A climate research network operates weather stations across three geographic regions. Each station uploads daily CSV files containing temperature and humidity readings taken at three intervals throughout the day. The files accumulate in a shared archive, organized by station ID.

An ingestion pipeline runs at the end of each day. It scans the archive for the most recent readings per station, computes daily averages, writes a formatted summary report to a separate reports directory, and produces an audit log with file sizes and modification times for the compliance team.

The pipeline runs on the field servers running Linux and on analysts' laptops running macOS and Windows. Any path logic that hardcodes separators, relies on string slicing, or uses OS-specific calls will silently break on at least one platform.
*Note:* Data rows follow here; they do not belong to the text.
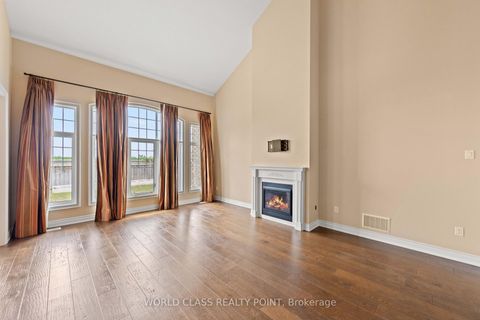 Photo 9 at 31 Munsie Drive, Nobleton, King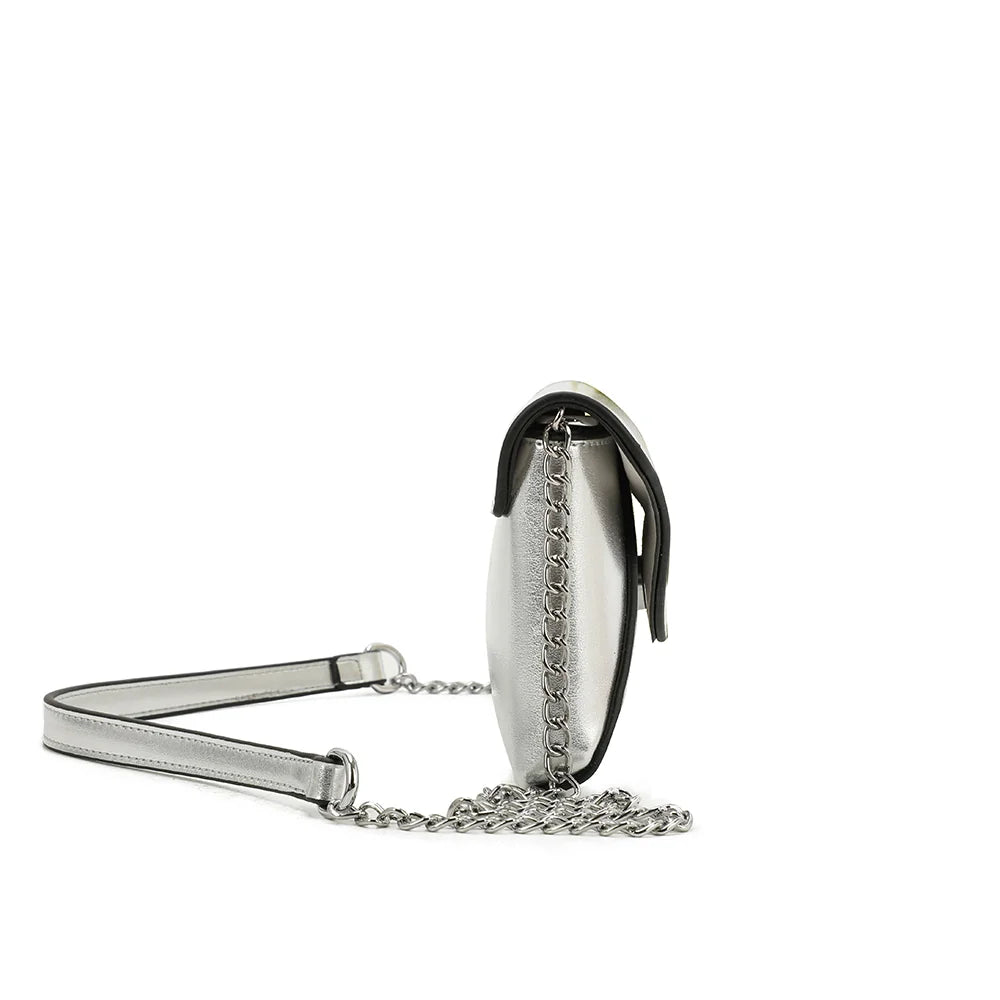 Profil de la pochette Luminia argent : format fin de 3 cm, facile à glisser partout – réf. R-1702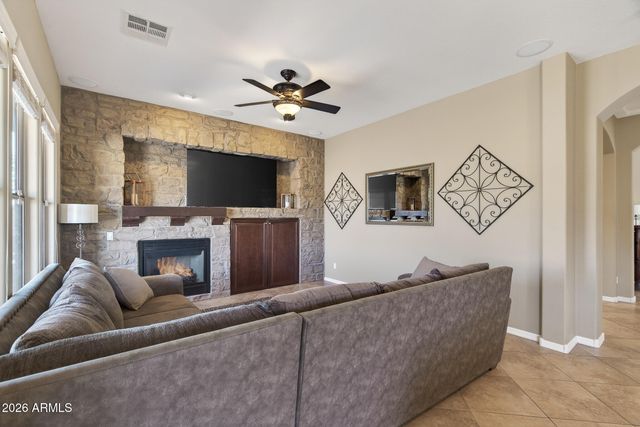 13700 W JESSE RED Drive, Peoria, AZ 85383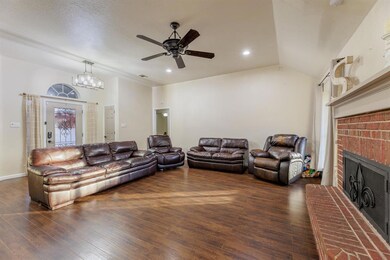 126 Sanchez Creek Ct, Weatherford, TX 76088 - photo 6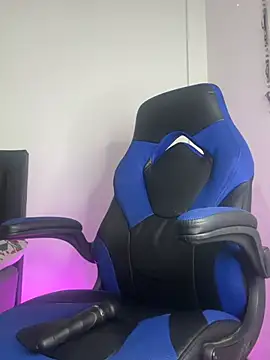 sooe fox online show from April 3, 2:40 am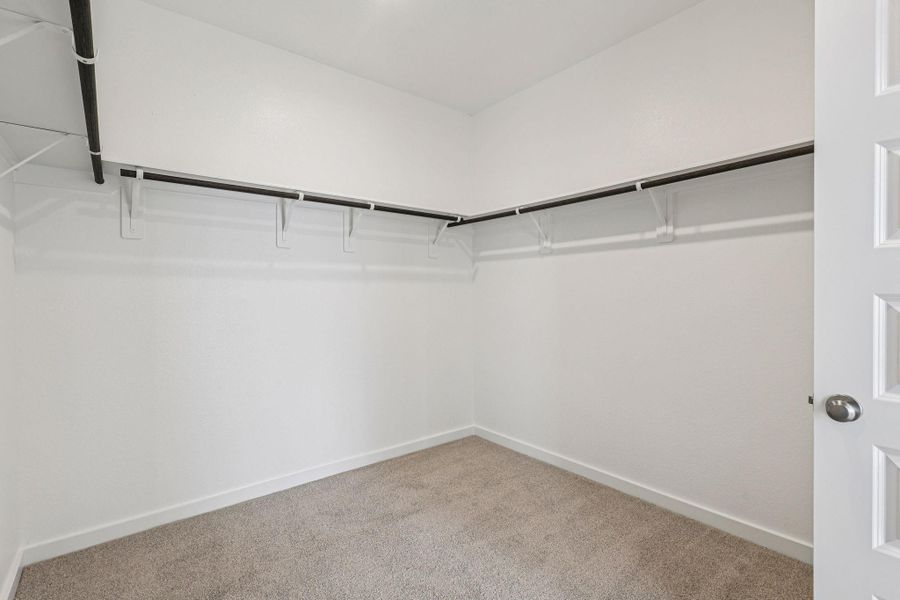 Spacious, unfurnished interior of a new home in Stewart's Ranch, Conroe (Image 22).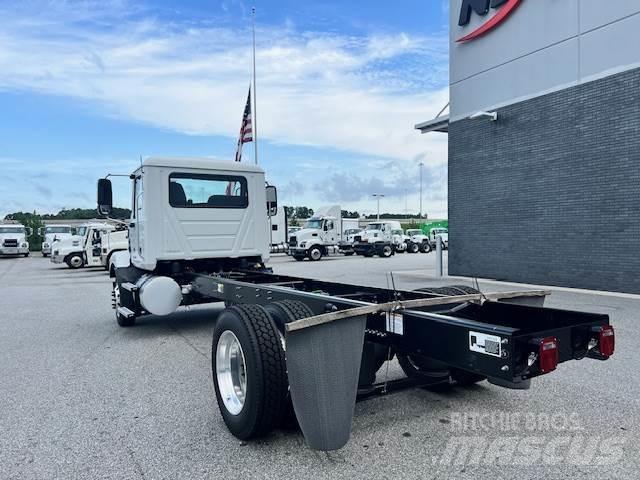 Mack MD6 42R Chassis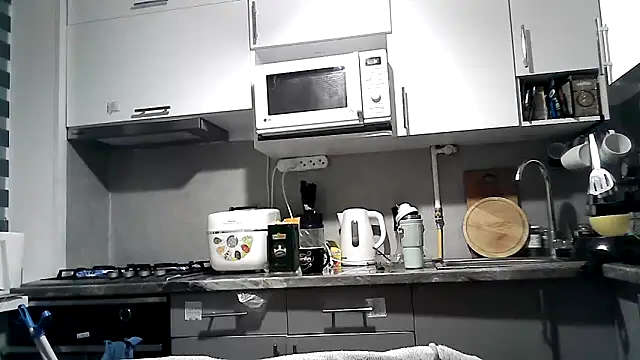 Snapshot of Misssweet_s chatting on October 8, 2025, 4:21 am Misssweet s online show from October 8, 2025, 4:21 am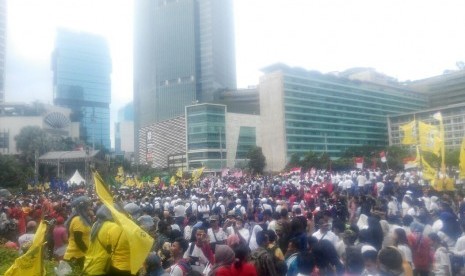 Peserta Parade Kebudayaan membawa atribu partai dalam mengikuti aksi di Jakarta pada Ahad (4/12).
The compliance audit requires that every file processed be listed with its exact size in bytes — metadata that must be queried from the filesystem, not inferred from the data.


The Problem with String-Based Path Manipulation

The first version of the pipeline uses os.path throughout — the standard approach before pathlib existed.

Create a new file:

touch sensor_pipeline.py

Run it using:

python3 sensor_pipeline.py
import os
import csv

BASE = "/home/coder/learning/sensor_archive"
STATIONS = ["NST-01", "NST-02", "NST-03"]
DATES = ["2024-01-15", "2024-01-16", "2024-01-17"]
READINGS = {
    "NST-01": [(21.4, 65), (24.1, 58), (19.8, 72)],
    "NST-02": [(18.2, 70), (20.5, 63), (16.9, 78)],
    "NST-03": [(25.3, 55), (27.8, 49), (23.1, 61)],
}

def setup_archive():
    for station in STATIONS:
        station_dir = os.path.join(BASE, station)
        os.makedirs(station_dir, exist_ok=True)
        for date in DATES:
            file_path = os.path.join(station_dir, date + ".csv")
            with open(file_path, "w") as f:
                f.write("timestamp,temp_c,humidity\n")
                for i, (temp, hum) in enumerate(READINGS[station]):
                    hour = 8 + i * 5
                    f.write(f"{date}T{hour:02d}:00:00,{temp},{hum}\n")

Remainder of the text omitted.